### [DATA TO PROCESS]

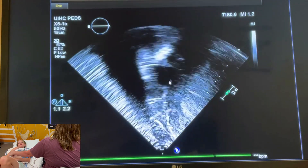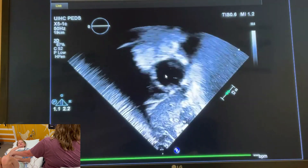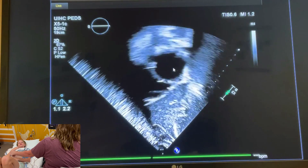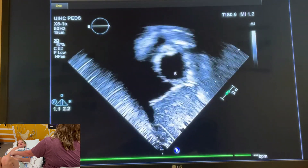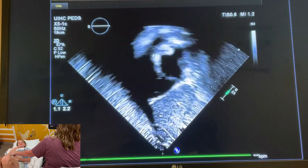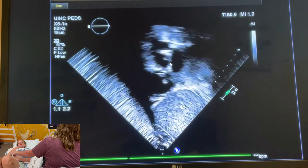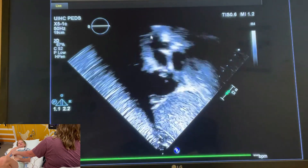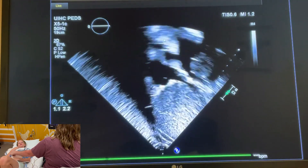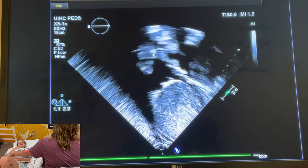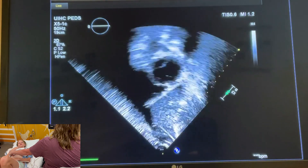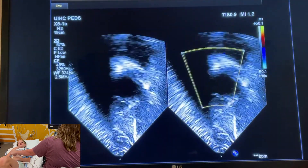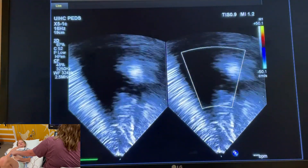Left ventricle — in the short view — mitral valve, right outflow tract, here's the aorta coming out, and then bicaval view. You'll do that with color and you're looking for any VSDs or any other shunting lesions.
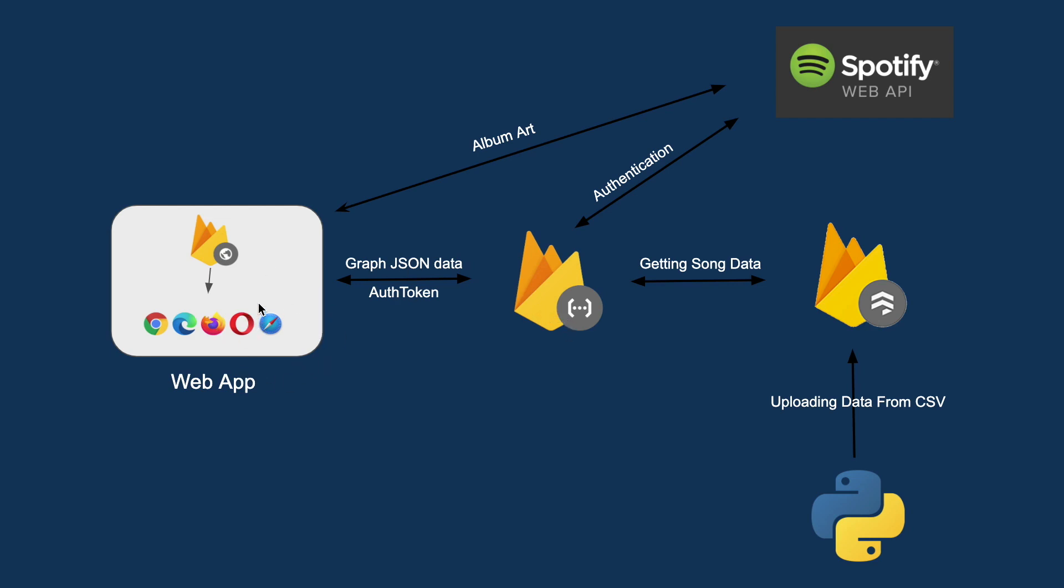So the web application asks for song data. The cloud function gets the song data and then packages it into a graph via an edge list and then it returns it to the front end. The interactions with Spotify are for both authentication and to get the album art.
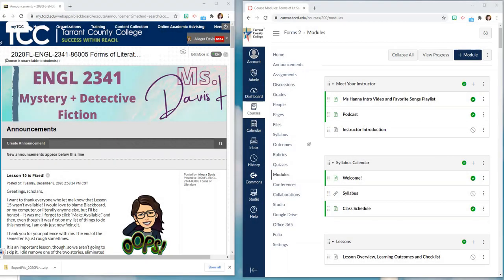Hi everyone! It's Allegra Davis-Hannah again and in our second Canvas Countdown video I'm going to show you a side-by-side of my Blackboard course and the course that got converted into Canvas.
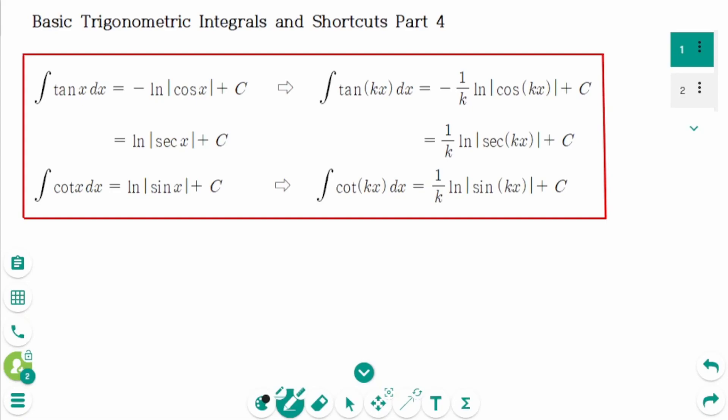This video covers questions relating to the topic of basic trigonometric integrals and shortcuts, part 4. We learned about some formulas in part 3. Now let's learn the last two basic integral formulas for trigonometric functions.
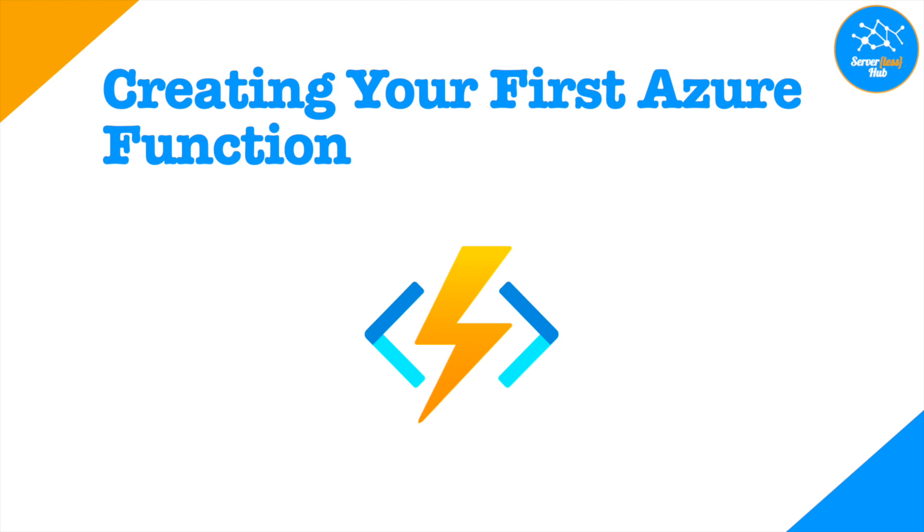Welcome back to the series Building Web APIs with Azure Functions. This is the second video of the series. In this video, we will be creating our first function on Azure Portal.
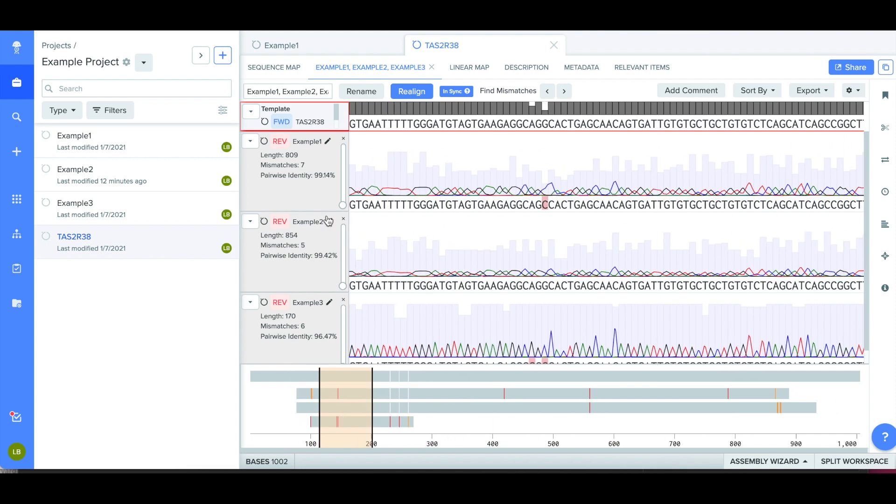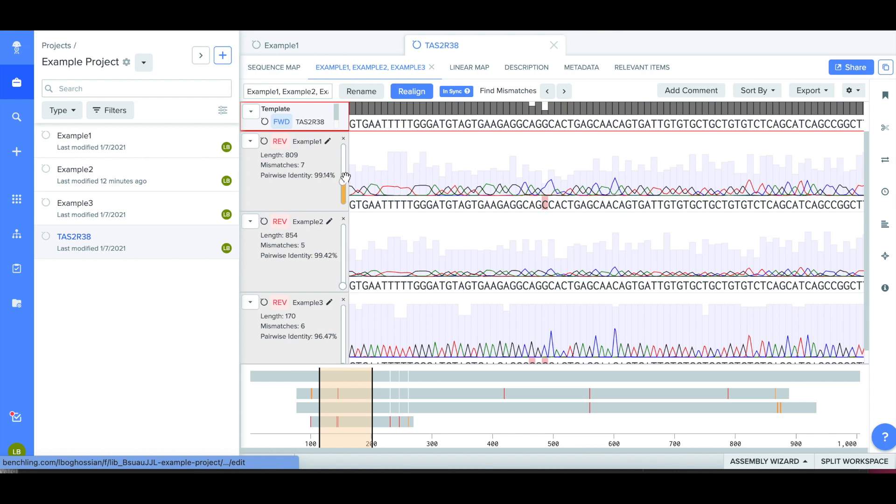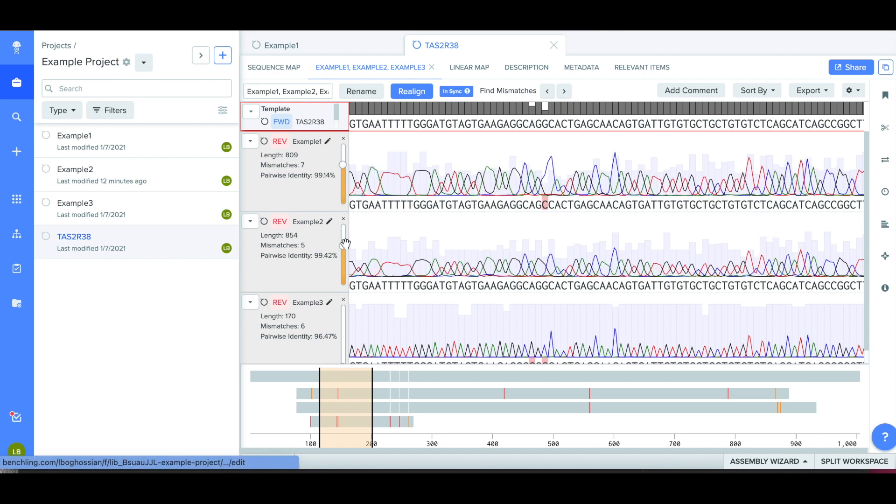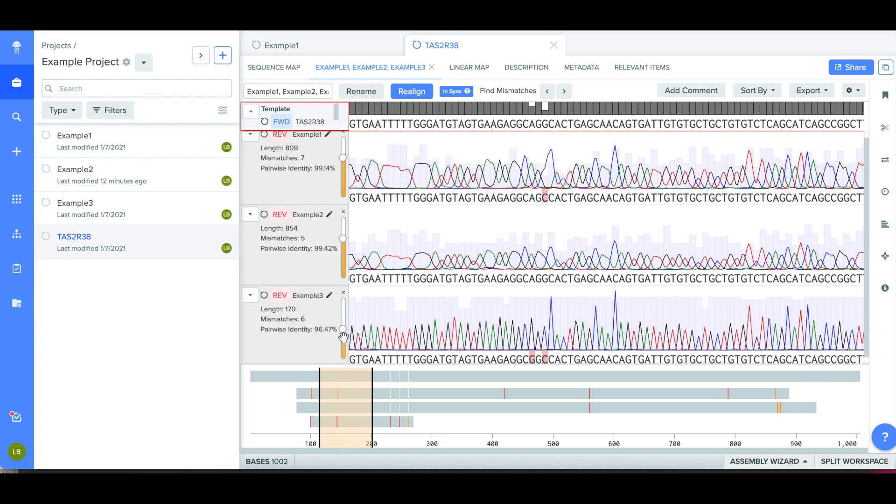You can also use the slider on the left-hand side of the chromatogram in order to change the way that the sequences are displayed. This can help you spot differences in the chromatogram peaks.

--

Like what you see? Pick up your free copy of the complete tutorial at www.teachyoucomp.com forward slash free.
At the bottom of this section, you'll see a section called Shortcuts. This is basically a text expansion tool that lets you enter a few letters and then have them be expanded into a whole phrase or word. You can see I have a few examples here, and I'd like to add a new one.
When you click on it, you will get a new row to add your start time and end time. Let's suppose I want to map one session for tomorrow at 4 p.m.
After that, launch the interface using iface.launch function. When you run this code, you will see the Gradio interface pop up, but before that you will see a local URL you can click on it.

==

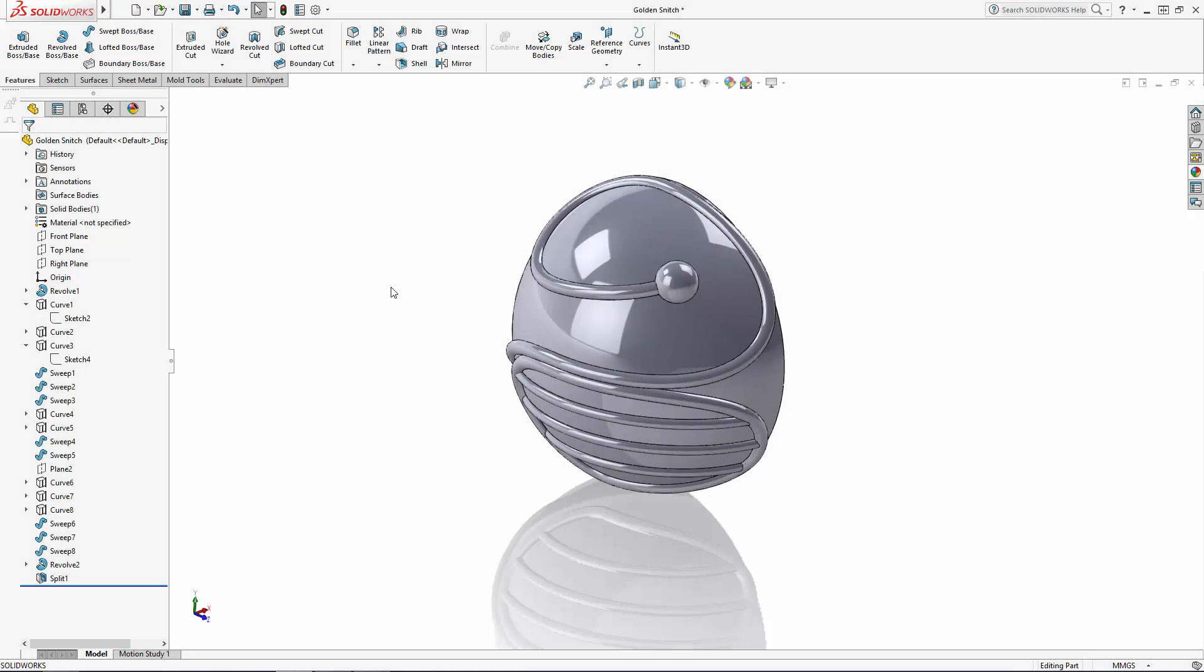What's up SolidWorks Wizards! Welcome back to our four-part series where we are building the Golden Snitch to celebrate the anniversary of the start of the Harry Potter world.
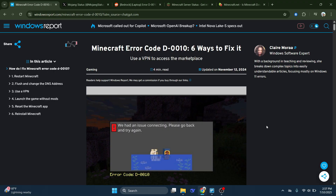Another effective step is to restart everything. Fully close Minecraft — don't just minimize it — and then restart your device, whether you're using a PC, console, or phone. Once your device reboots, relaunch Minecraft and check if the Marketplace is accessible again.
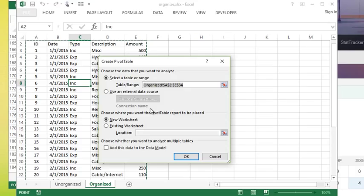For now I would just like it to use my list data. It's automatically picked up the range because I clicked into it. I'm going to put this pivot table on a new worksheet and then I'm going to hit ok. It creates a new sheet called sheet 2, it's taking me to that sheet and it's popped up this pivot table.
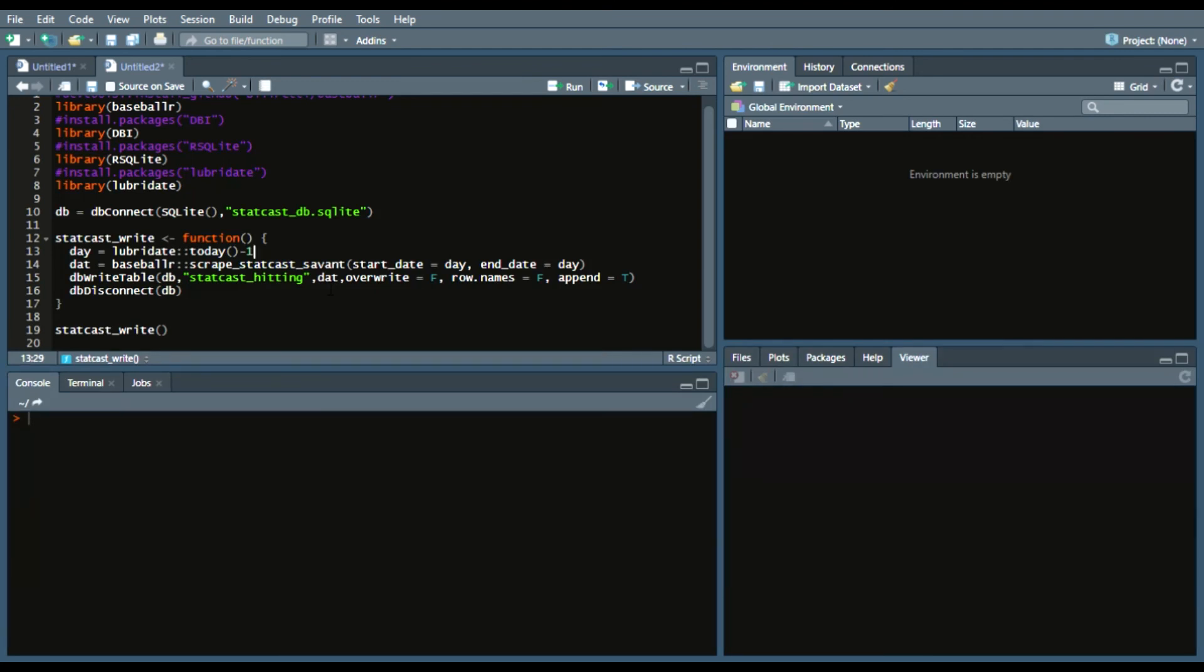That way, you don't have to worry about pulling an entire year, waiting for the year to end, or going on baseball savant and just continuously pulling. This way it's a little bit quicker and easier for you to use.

### [REQUIRED WORK]
Looking above, find the stretch of lines that opens with the one holding "What's up SolidWorks" and closes with the one holding "Another effective step". Copy it exactly, pictures excluded.

### [EXERCISE SOLUTION]
What's up SolidWorks Wizards! Welcome back to our four-part series where we are building the Golden Snitch to celebrate the anniversary of the start of the Harry Potter world.
Another effective step is to restart everything. Fully close Minecraft — don't just minimize it — and then restart your device, whether you're using a PC, console, or phone. Once your device reboots, relaunch Minecraft and check if the Marketplace is accessible again.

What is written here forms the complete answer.